→ **Problem**
Among the entries below, only the lines starting at the one with "Home Basement Renovation" and ending at the one with "Proof 25R13_04384", both included, are to be printed exactly.
[[ Given entries, beginning ]]
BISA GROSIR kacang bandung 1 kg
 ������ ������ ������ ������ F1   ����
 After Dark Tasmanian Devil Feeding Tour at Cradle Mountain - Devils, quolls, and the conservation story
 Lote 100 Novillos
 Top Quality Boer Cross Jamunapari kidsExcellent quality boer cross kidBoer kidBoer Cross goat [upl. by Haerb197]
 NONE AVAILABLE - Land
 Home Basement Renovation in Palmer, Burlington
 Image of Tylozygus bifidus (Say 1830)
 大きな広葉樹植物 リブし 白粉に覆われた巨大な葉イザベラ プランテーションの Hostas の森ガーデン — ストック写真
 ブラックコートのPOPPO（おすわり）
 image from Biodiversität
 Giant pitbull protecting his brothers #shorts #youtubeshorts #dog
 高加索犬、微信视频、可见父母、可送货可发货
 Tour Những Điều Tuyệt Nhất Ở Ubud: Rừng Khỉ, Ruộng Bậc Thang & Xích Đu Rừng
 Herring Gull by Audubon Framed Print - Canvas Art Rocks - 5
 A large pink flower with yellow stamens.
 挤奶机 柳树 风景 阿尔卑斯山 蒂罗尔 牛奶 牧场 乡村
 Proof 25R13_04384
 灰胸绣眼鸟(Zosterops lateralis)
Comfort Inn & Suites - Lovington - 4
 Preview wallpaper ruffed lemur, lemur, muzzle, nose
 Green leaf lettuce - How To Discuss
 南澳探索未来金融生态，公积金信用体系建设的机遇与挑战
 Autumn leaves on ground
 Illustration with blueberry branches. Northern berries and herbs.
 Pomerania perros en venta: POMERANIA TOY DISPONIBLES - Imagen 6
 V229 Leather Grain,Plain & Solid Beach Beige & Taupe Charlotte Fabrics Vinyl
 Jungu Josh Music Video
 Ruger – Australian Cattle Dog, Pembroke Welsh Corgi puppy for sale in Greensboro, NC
[[ Given entries, end ]]
→ **Task response**
 Home Basement Renovation in Palmer, Burlington
 Image of Tylozygus bifidus (Say 1830)
 大きな広葉樹植物 リブし 白粉に覆われた巨大な葉イザベラ プランテーションの Hostas の森ガーデン — ストック写真
 ブラックコートのPOPPO（おすわり）
 image from Biodiversität
 Giant pitbull protecting his brothers #shorts #youtubeshorts #dog
 高加索犬、微信视频、可见父母、可送货可发货
 Tour Những Điều Tuyệt Nhất Ở Ubud: Rừng Khỉ, Ruộng Bậc Thang & Xích Đu Rừng
 Herring Gull by Audubon Framed Print - Canvas Art Rocks - 5
 A large pink flower with yellow stamens.
 挤奶机 柳树 风景 阿尔卑斯山 蒂罗尔 牛奶 牧场 乡村
 Proof 25R13_04384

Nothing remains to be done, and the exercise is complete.